Short text fragments from websites:
··········

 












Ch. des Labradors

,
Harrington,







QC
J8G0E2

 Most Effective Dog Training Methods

··········

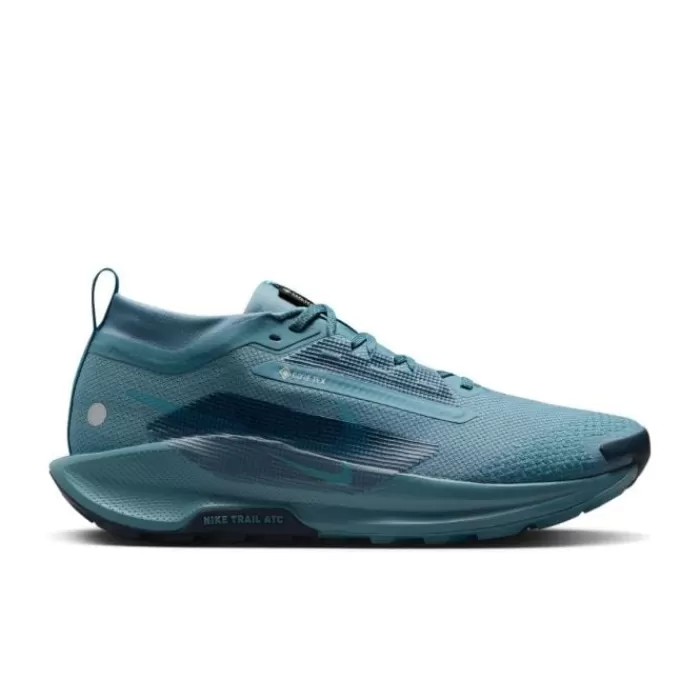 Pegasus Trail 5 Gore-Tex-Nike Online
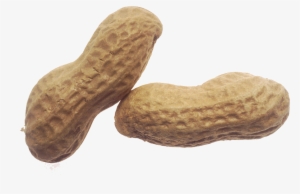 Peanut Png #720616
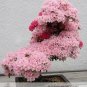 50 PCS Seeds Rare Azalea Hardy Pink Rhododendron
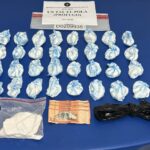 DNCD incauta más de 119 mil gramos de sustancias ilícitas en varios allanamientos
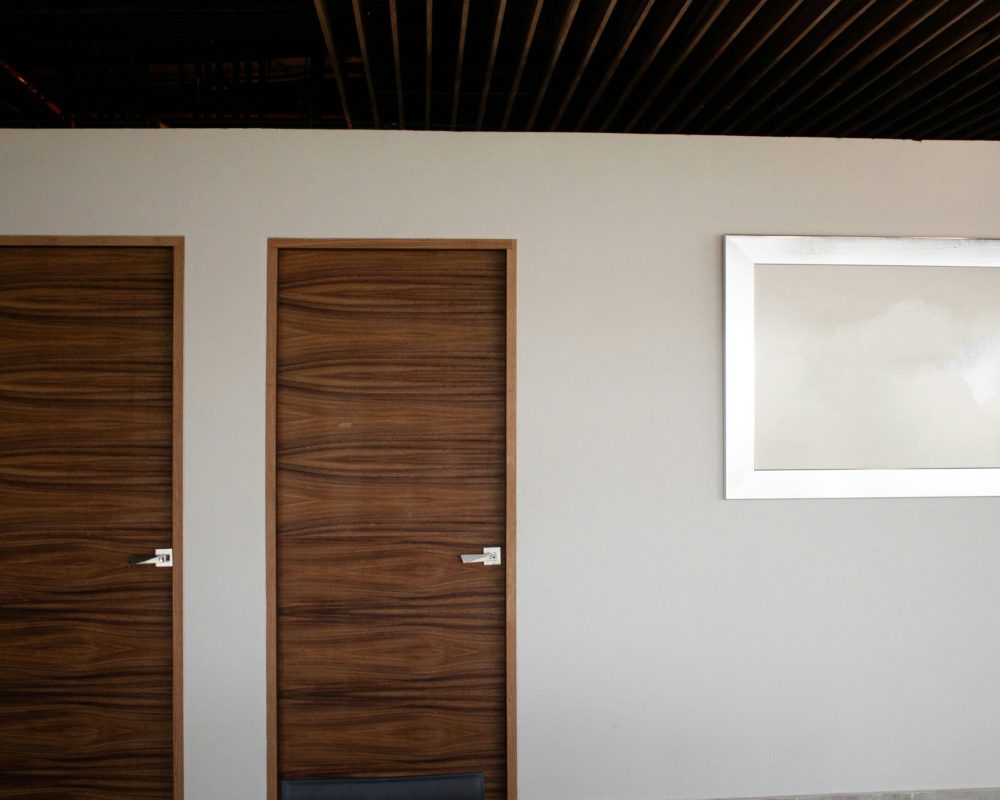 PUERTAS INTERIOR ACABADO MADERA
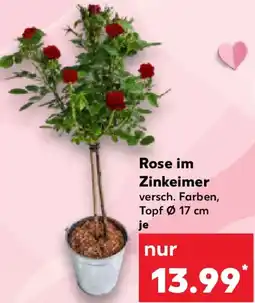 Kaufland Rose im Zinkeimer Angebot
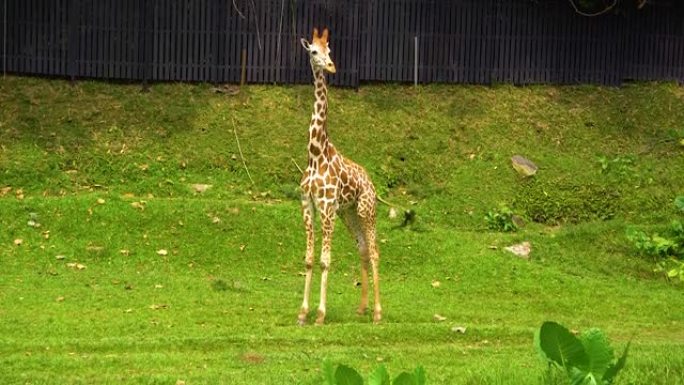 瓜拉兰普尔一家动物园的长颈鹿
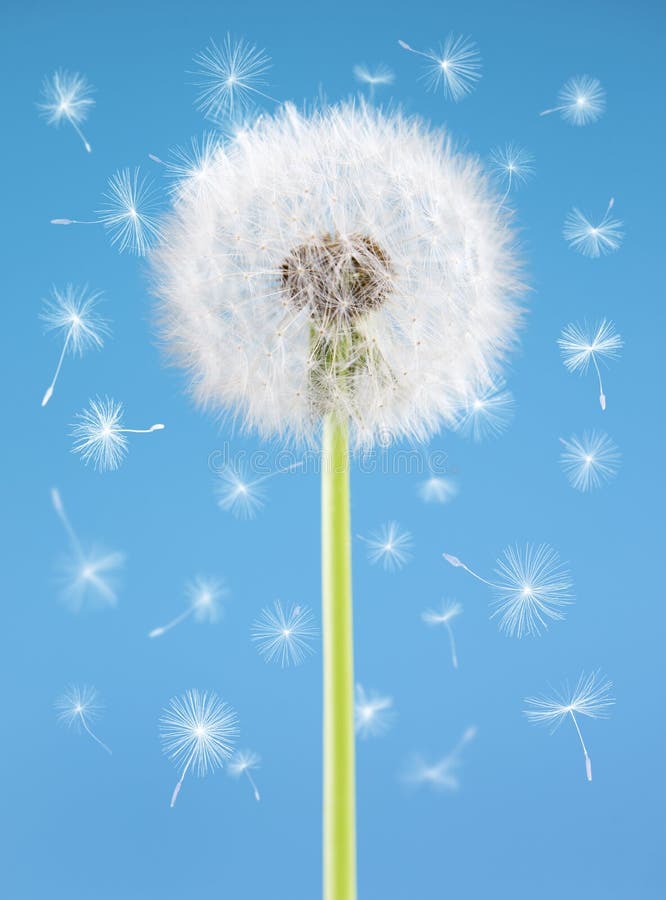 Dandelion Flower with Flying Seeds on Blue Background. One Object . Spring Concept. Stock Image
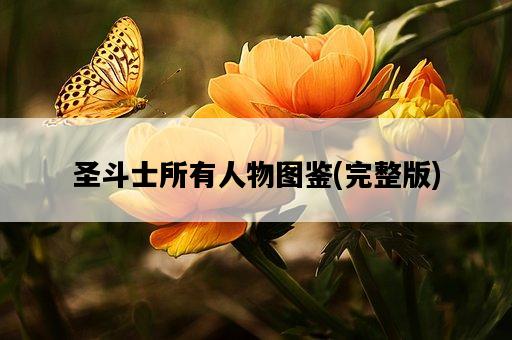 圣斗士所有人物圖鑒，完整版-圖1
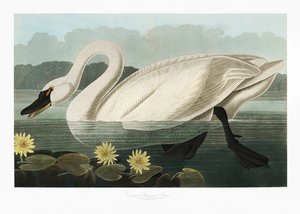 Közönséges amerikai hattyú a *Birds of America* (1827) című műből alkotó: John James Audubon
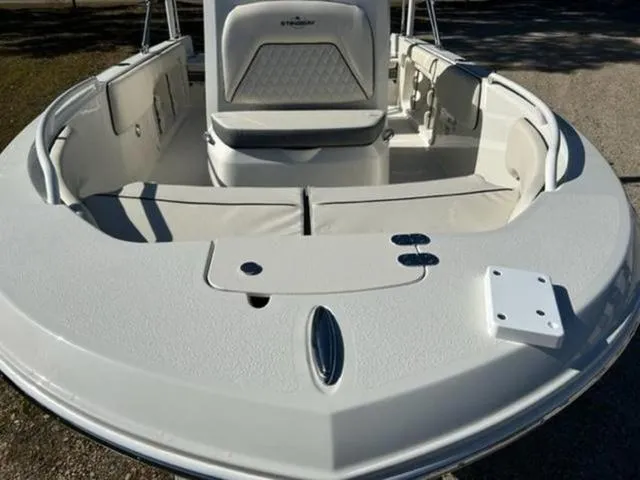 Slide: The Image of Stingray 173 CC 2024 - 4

··········

■ **DIRECTIONS**: Using the data above, transcribe the lines that run from the line with "Ch. des Labradors" to the line with "Most Effective Dog Training Methods", both ends kept, and output nothing else.

■ **ANSWER TO THE EXERCISE**:
Ch. des Labradors

,
Harrington,







QC
J8G0E2

 Most Effective Dog Training Methods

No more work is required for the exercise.